第9章|AIは優秀だが空気が読めない新人アシスタントからの続きです

 神楽坂のレストランバー「シェルポ」の奥の席。気がつけば、私たちのテーブルの上には空になったワインボトルと、いくつかのお皿だけが残されていた。AIという正体の見えないゴーストに怯え、「私たちの仕事はなくなるんですか」と泣きついた私から始まったこの長い夜の答え合わせも、いよいよ終わりの時間を迎えようとしていた。

「要するにな」

 ボスはグラスに残っていた赤ワインをゆったりと飲み干し、テーブルに両肘をついて私たちを見た。

「AI時代やから言うて、俺らデザイナーがやらなあかん本質は、昔から何一つ変わっとらんのや。むしろ、やるべきことはもっとシンプルで、最高に面白くなっとる」

「シンプル、ですか」

 私が問い返すと、ボスは大きく頷いた。

「せや。結論から言うぞ。これからの時代、画像の切り抜きやら、レイアウト案のバリエーションやら、カラーバリエーションの作成やら……そういう『面倒くさい作業』は、全部AIに丸投げしたらええんや」

 あまりにも身も蓋もないボスの極論に、私は思わず目をパチクリさせた。しかし、隣に座るTanakaさんは、静かに、深く頷いていた。
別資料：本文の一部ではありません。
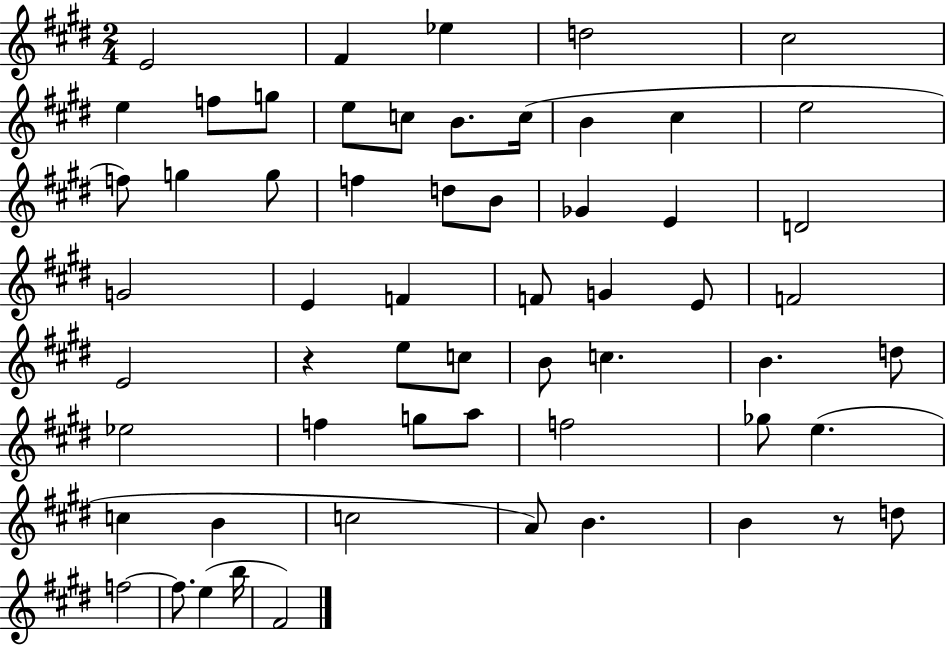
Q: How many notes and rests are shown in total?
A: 59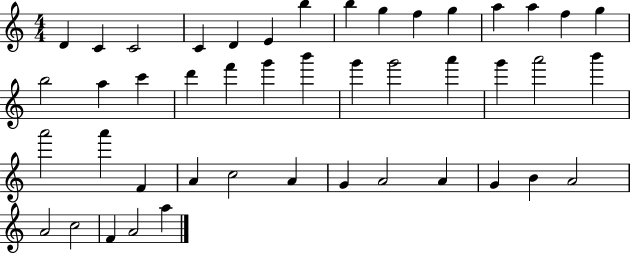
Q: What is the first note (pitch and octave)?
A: D4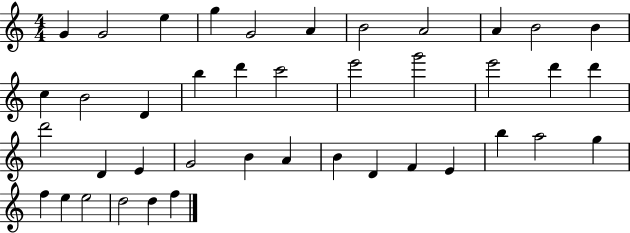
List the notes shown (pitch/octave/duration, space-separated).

G4/q G4/h E5/q G5/q G4/h A4/q B4/h A4/h A4/q B4/h B4/q C5/q B4/h D4/q B5/q D6/q C6/h E6/h G6/h E6/h D6/q D6/q D6/h D4/q E4/q G4/h B4/q A4/q B4/q D4/q F4/q E4/q B5/q A5/h G5/q F5/q E5/q E5/h D5/h D5/q F5/q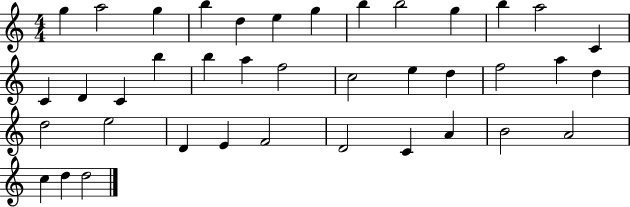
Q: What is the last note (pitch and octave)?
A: D5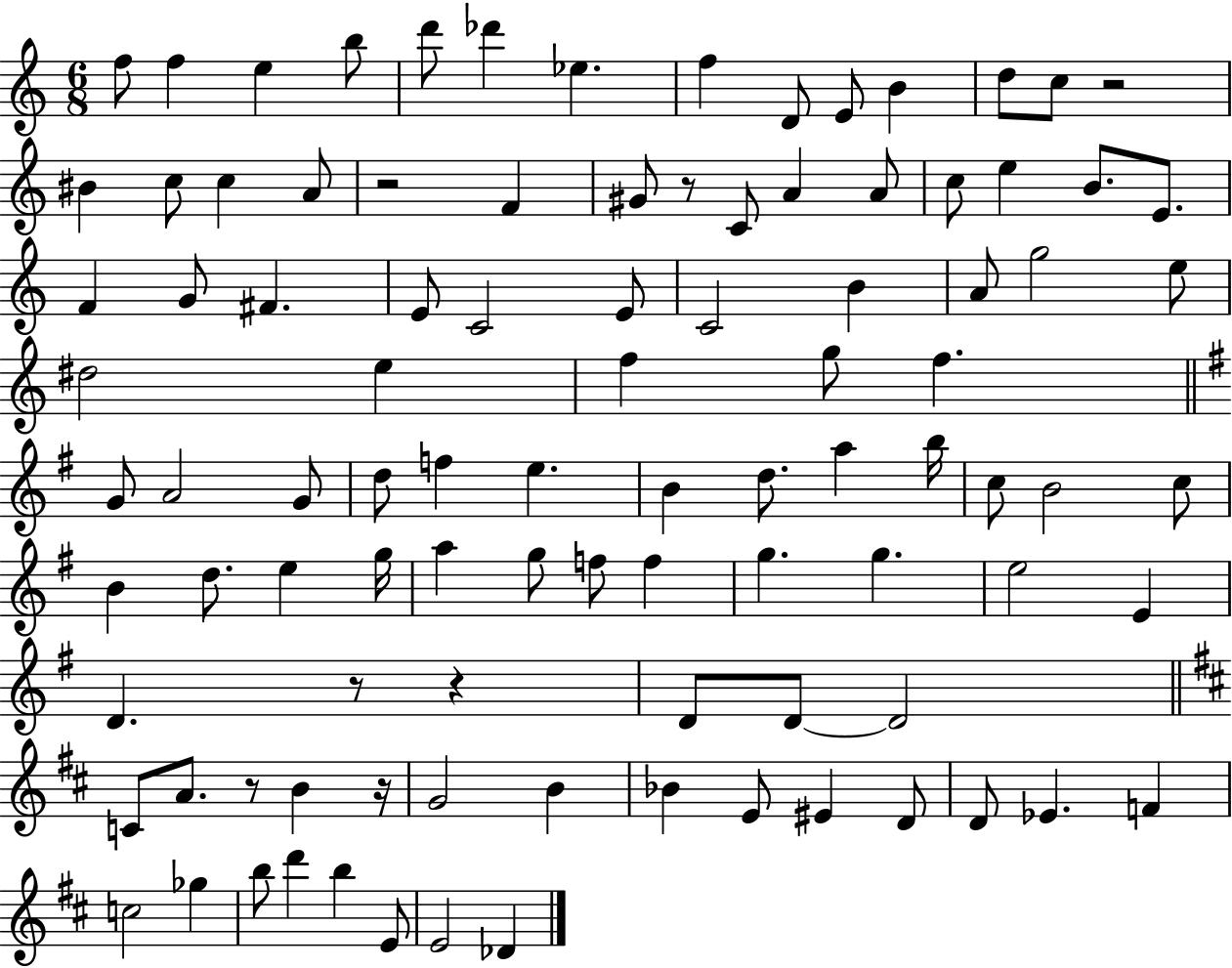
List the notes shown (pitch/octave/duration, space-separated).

F5/e F5/q E5/q B5/e D6/e Db6/q Eb5/q. F5/q D4/e E4/e B4/q D5/e C5/e R/h BIS4/q C5/e C5/q A4/e R/h F4/q G#4/e R/e C4/e A4/q A4/e C5/e E5/q B4/e. E4/e. F4/q G4/e F#4/q. E4/e C4/h E4/e C4/h B4/q A4/e G5/h E5/e D#5/h E5/q F5/q G5/e F5/q. G4/e A4/h G4/e D5/e F5/q E5/q. B4/q D5/e. A5/q B5/s C5/e B4/h C5/e B4/q D5/e. E5/q G5/s A5/q G5/e F5/e F5/q G5/q. G5/q. E5/h E4/q D4/q. R/e R/q D4/e D4/e D4/h C4/e A4/e. R/e B4/q R/s G4/h B4/q Bb4/q E4/e EIS4/q D4/e D4/e Eb4/q. F4/q C5/h Gb5/q B5/e D6/q B5/q E4/e E4/h Db4/q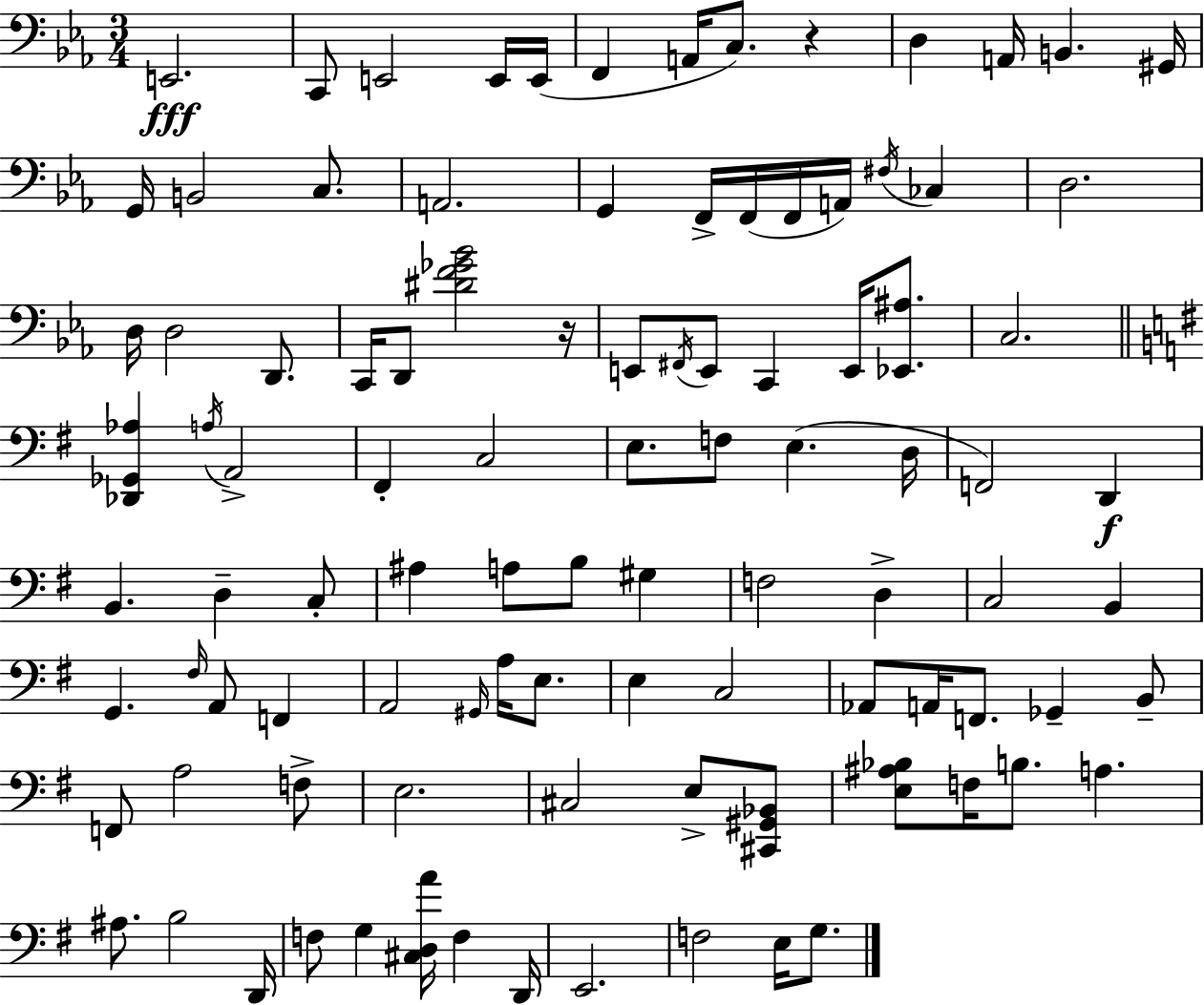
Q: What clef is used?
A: bass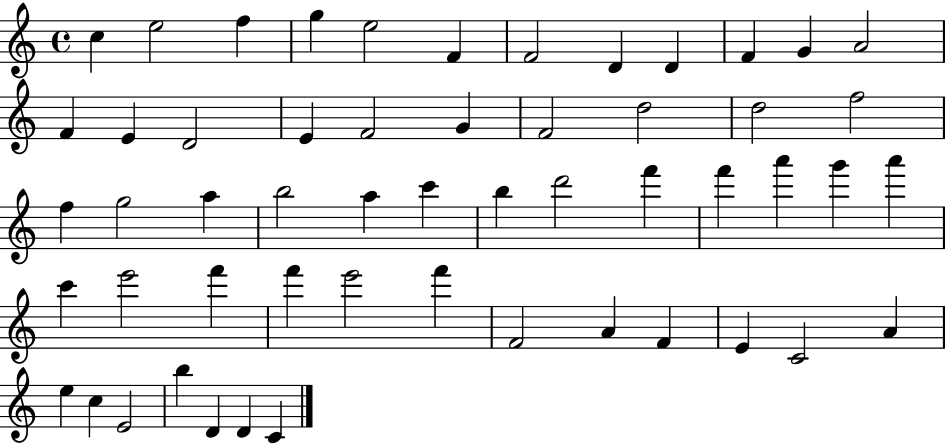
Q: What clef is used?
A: treble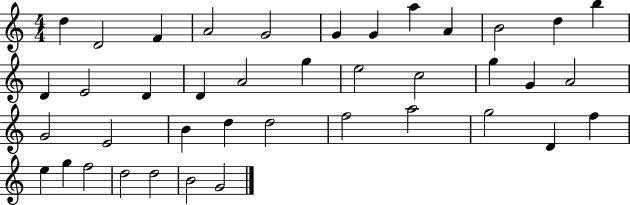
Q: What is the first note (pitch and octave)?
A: D5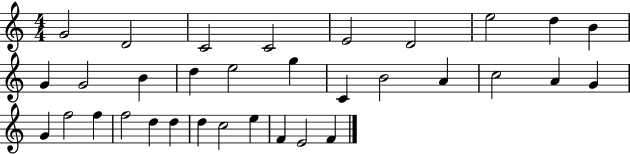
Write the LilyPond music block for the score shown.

{
  \clef treble
  \numericTimeSignature
  \time 4/4
  \key c \major
  g'2 d'2 | c'2 c'2 | e'2 d'2 | e''2 d''4 b'4 | \break g'4 g'2 b'4 | d''4 e''2 g''4 | c'4 b'2 a'4 | c''2 a'4 g'4 | \break g'4 f''2 f''4 | f''2 d''4 d''4 | d''4 c''2 e''4 | f'4 e'2 f'4 | \break \bar "|."
}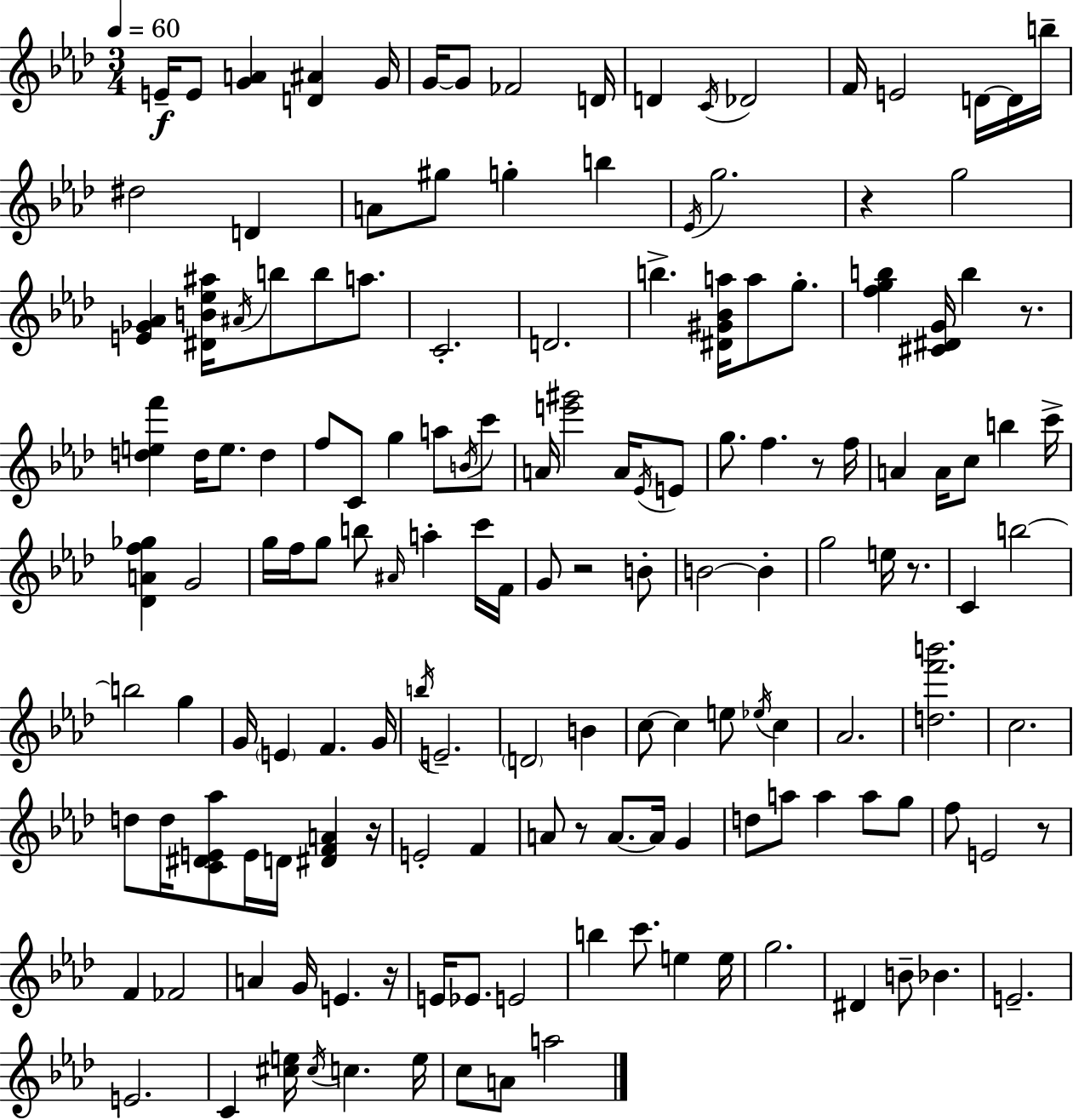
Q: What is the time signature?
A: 3/4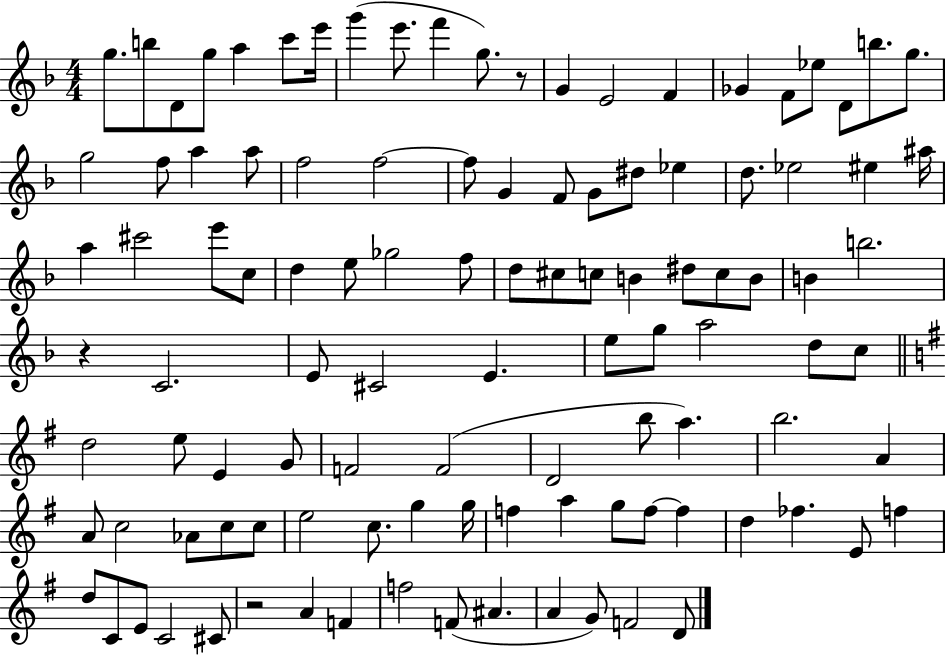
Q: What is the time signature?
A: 4/4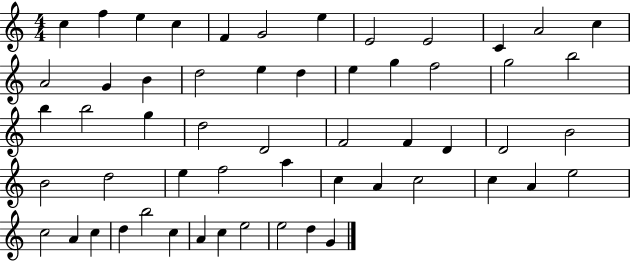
C5/q F5/q E5/q C5/q F4/q G4/h E5/q E4/h E4/h C4/q A4/h C5/q A4/h G4/q B4/q D5/h E5/q D5/q E5/q G5/q F5/h G5/h B5/h B5/q B5/h G5/q D5/h D4/h F4/h F4/q D4/q D4/h B4/h B4/h D5/h E5/q F5/h A5/q C5/q A4/q C5/h C5/q A4/q E5/h C5/h A4/q C5/q D5/q B5/h C5/q A4/q C5/q E5/h E5/h D5/q G4/q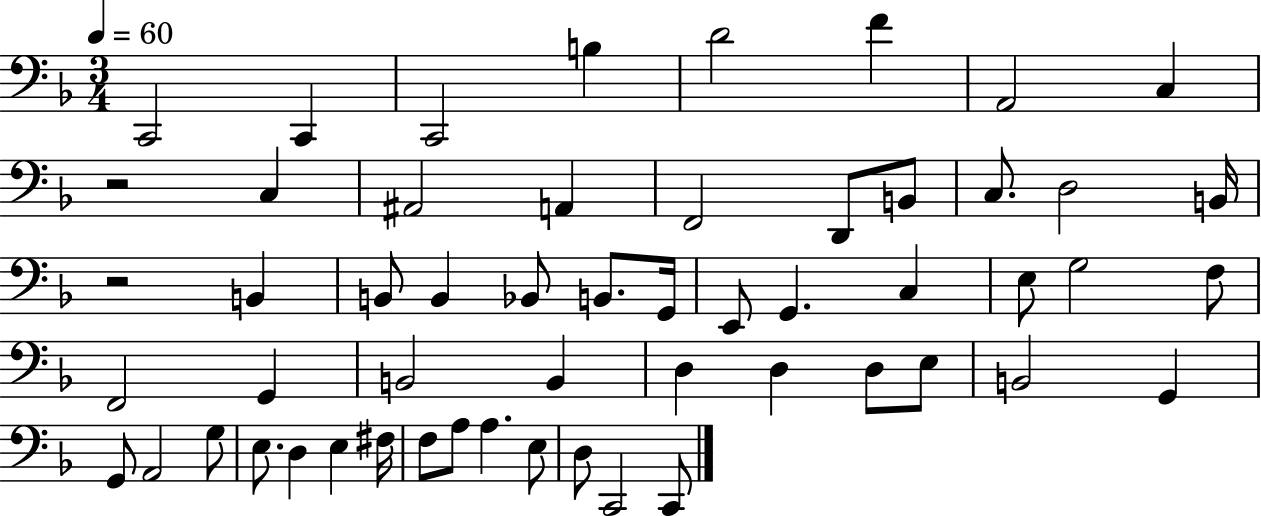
{
  \clef bass
  \numericTimeSignature
  \time 3/4
  \key f \major
  \tempo 4 = 60
  c,2 c,4 | c,2 b4 | d'2 f'4 | a,2 c4 | \break r2 c4 | ais,2 a,4 | f,2 d,8 b,8 | c8. d2 b,16 | \break r2 b,4 | b,8 b,4 bes,8 b,8. g,16 | e,8 g,4. c4 | e8 g2 f8 | \break f,2 g,4 | b,2 b,4 | d4 d4 d8 e8 | b,2 g,4 | \break g,8 a,2 g8 | e8. d4 e4 fis16 | f8 a8 a4. e8 | d8 c,2 c,8 | \break \bar "|."
}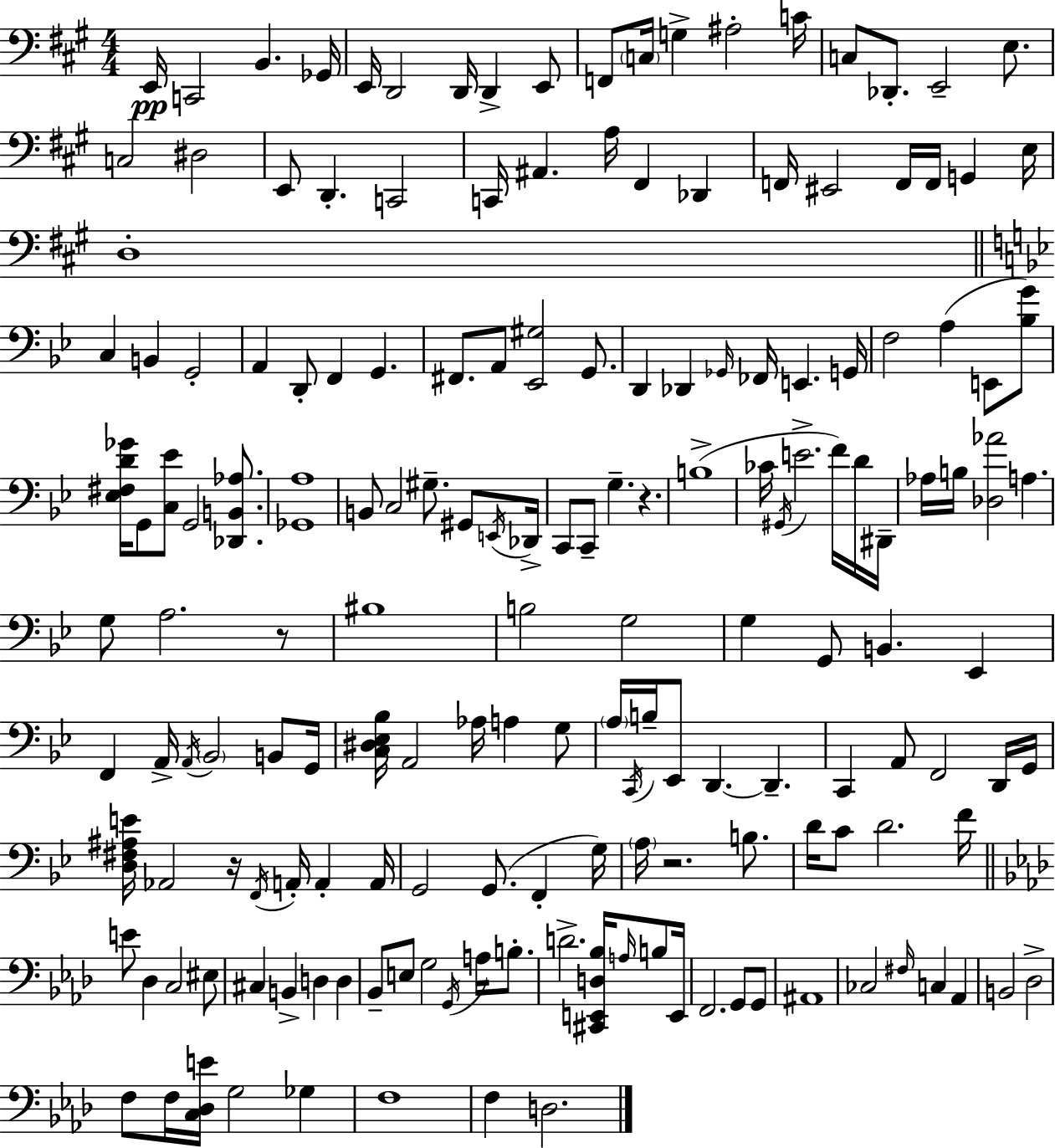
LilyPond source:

「ボスの言う通りですね。昔なら、人物の髪の毛の背景を切り抜くだけで何時間もかかったり、ダミーのテキストと写真を当てはめたレイアウト案を徹夜で何十パターンも作ったりしていました。でも今は、AIを使えばそういう『手を動かすだけの作業』は数秒で終わります」

「そうや。AIは文句も言わんし、徹夜もせぇへん。俺らが『守破離』の『守』の段階、つまり80点の及第点に辿り着くまでの泥臭い道のりを、あいつらは一瞬でショートカットしてくれるんや」

 ボスはそこで言葉を切り、真剣な眼差しを私に向けた。

「じゃあ、Ochi。そのAIが肩代わりしてくれたおかげで『空いた時間』を使って、俺ら人間は何をせなあかんと思う?」

 私は少し考えた。
 作業時間が減った分、もっとたくさんの案件をこなす? それとも、もっと新しいソフトの使い方を覚える? 違う。今日のボスの話の流れからすれば、そんな作業効率の話ではないはずだ。

「……考えること、ですか?」

 私が探り探り答えると、ボスは「その通りや」とパチンと指を鳴らした。

「空いた時間は全部、『クリエイティブな思考』だけに全振りするんや。クライアントが本当に抱えている悩みは何なのか。このデザインを目にする人たちは、どんな環境で、どんな気持ちでこれを見るのか。そして何より、俺自身は『何を美しいと思うのか』。そういう、機械には絶対に計算できん泥臭い『人間臭い部分』にだけ、脳みそのリソースを100パーセント注ぎ込むんや」

 ボスの言葉が、ストンと胸の奥に落ちてきた。これまでは、作業に追われるあまり「考える時間」を犠牲にしてしまうことが何度もあった。締め切りに間に合わせるために、妥協して「とりあえずこれでいいや」と手を動かしてしまうこと。それは、デザイナーとして一番やってはいけない思考停止だった。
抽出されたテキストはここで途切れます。